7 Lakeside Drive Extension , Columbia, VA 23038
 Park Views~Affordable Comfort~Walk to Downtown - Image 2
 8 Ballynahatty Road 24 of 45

-----

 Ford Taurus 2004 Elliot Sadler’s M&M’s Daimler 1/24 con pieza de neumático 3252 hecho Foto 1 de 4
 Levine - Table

-----

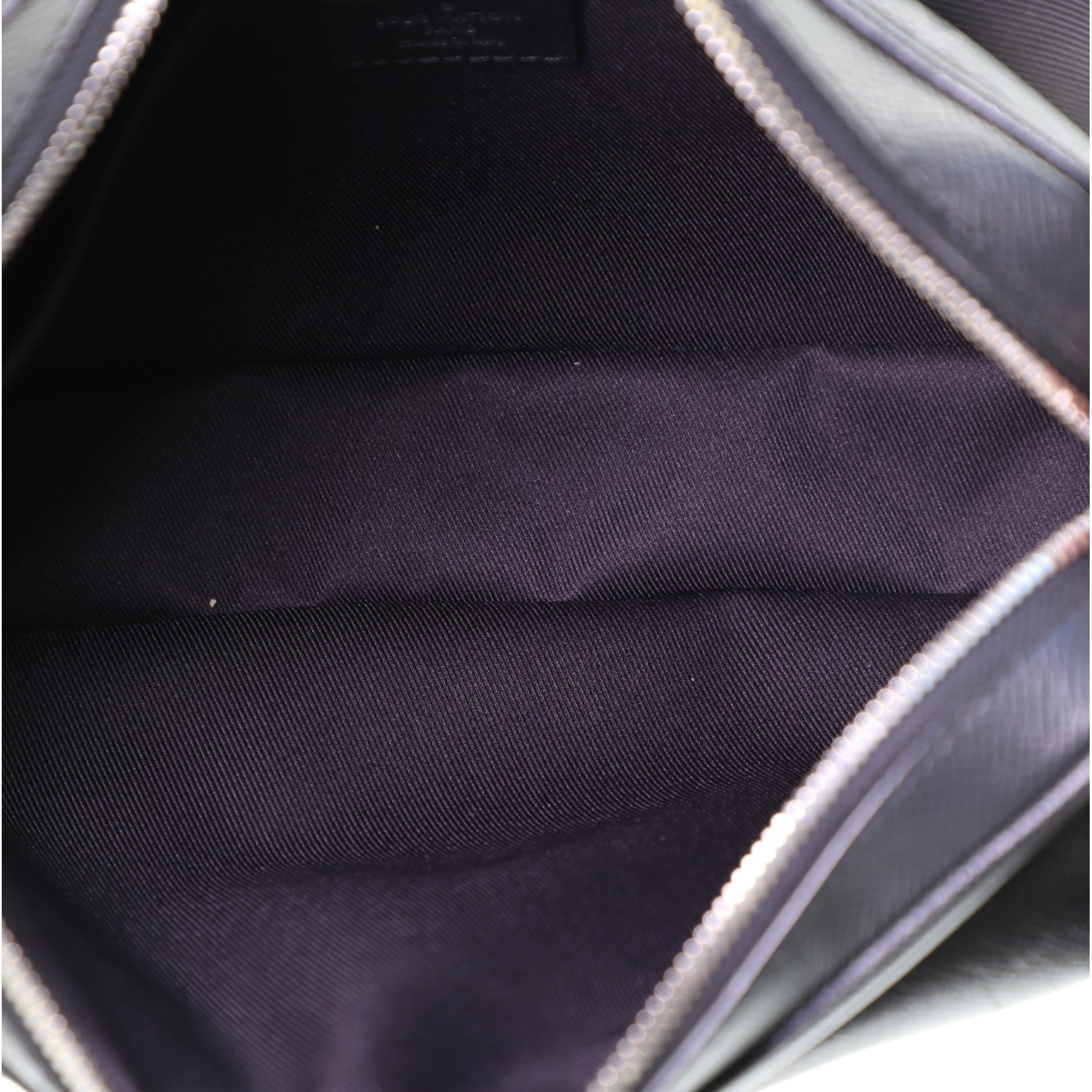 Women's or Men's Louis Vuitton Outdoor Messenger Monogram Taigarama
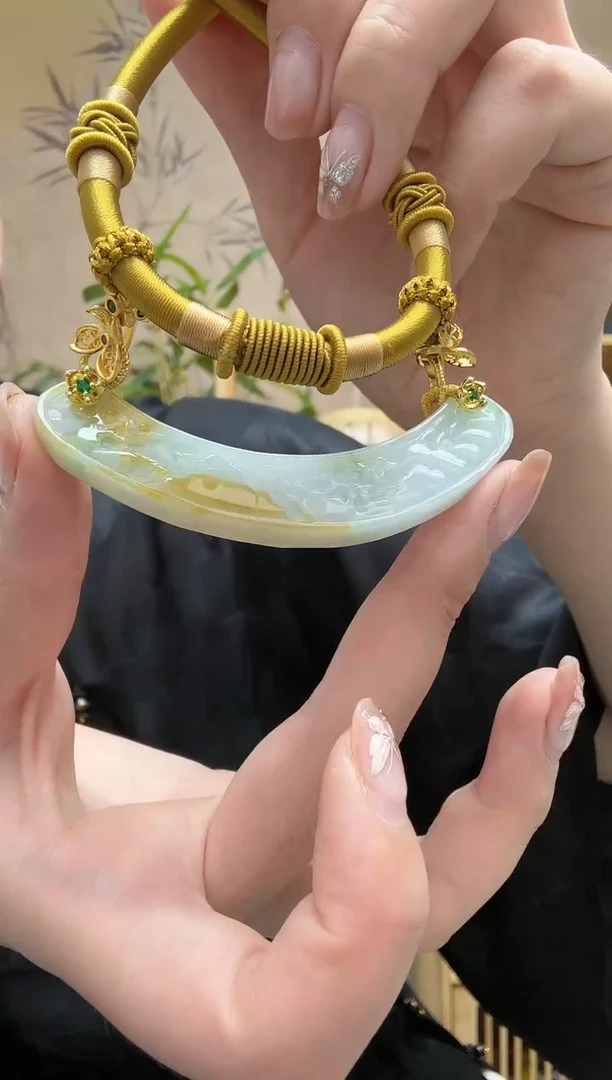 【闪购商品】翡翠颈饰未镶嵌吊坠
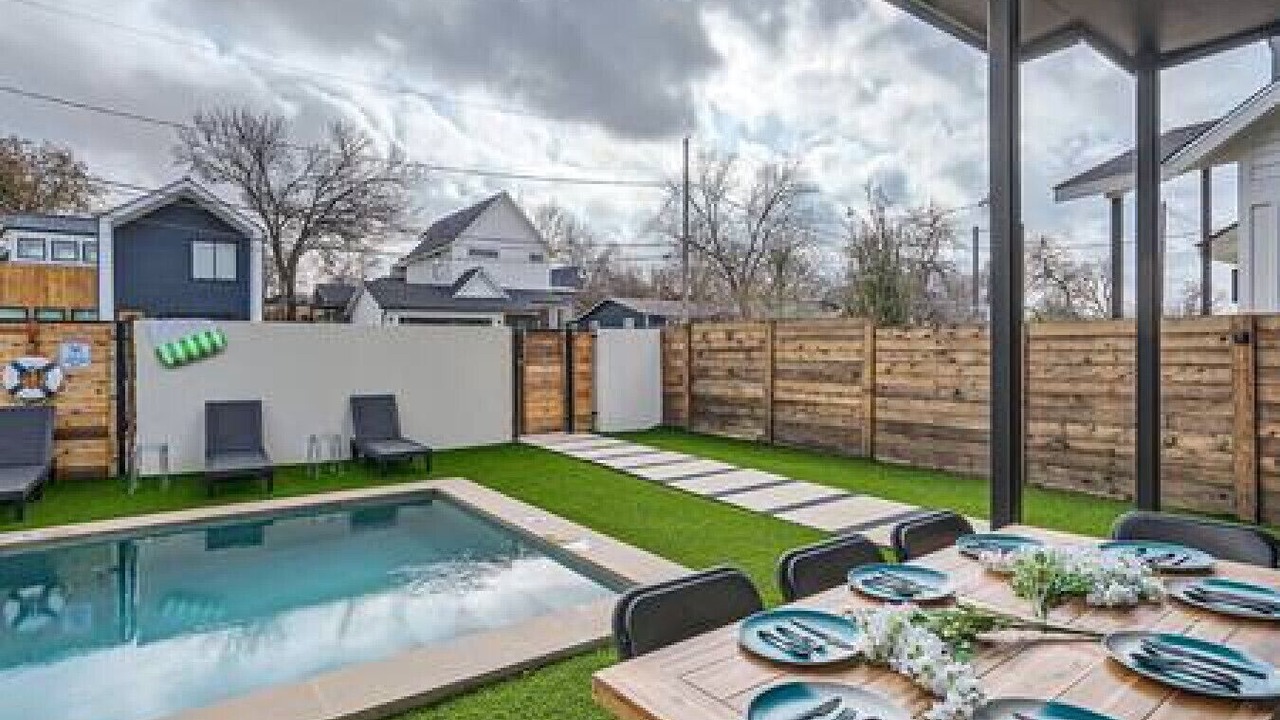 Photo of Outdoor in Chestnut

-----

Task requirements >> What do the lines above say from the one containing "7 Lakeside Drive" down to the one containing "8 Ballynahatty Road 24 of 45"? Return them exactly, both end lines included, and only them.

Solution for this task >>
7 Lakeside Drive Extension , Columbia, VA 23038
 Park Views~Affordable Comfort~Walk to Downtown - Image 2
 8 Ballynahatty Road 24 of 45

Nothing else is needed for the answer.